The latest of several reports by the Parkland Institute and Corporate Mapping Project was released on March 10: The Future of Alberta’s Oil Sands Industry : More Production, Less Capital, Fewer Jobs . Author Ian Hussey argues that a managed decline of the industry is needed, and that it is now in its mature phase – with 53,119 jobs lost between 2014 through 2019. With this maturity comes fewer construction projects, and technological change is driving down operational employment. Although most people are aware of the adoption of driverless trucks, Hussey also discusses horizontal multi-well drilling pads; supervisory control and data acquisition, remote monitoring, and information technology and analytics; and replicated designs and modularization. In sum,
“Despite the growth in production, fewer and fewer employees are needed. In 2019, overall productivity per employee in Canada’s oil and gas industry was 47% higher than in 2011, and productivity in the oil sands was 72% higher in 2019 than 2011. This indicates that the jobs that have been lost in recent years are likely not coming back.
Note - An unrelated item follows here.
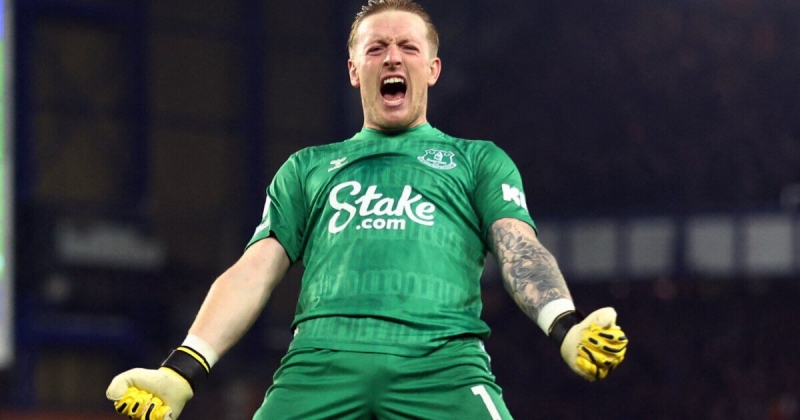 Пикфорд корчил рожи и высовывал язык перед пенальти Холанда. Вратарь «Эвертона» отбил удар форварда «Сити»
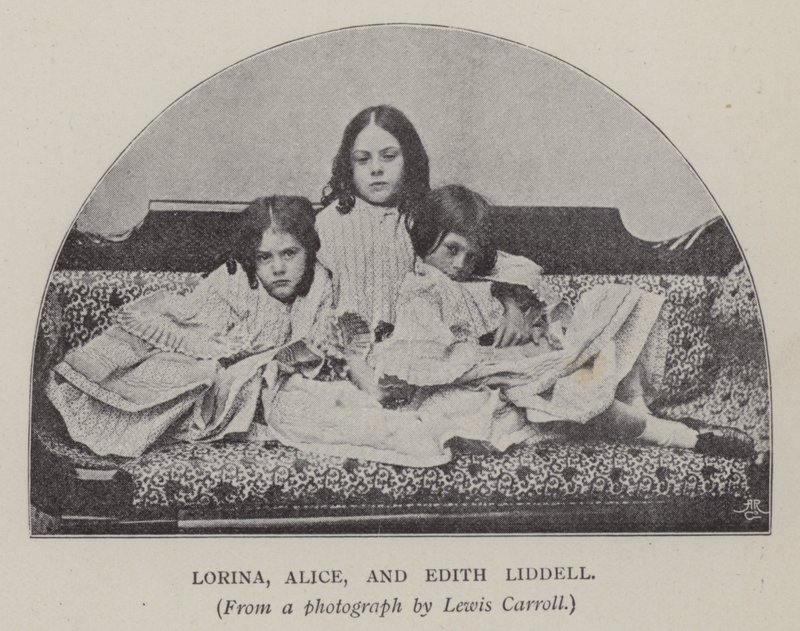 Lorina, Alice og Edith Liddell (s/hvitt-bilde) av Charles Lutwidge Dodgson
Production is at an all-time high and has increased 23% since 2014, while jobs have declined by 23% since 2014.”
The report also profiles the “ Big Five” oil and gas companies operating in Alberta: Suncor Energy, Canadian Natural Resources Limited (CNRL), Imperial Oil, Cenovus Energy, and Husky Energy – providing statistics on their production, reserves, profits and shareholder returns, and capital spending.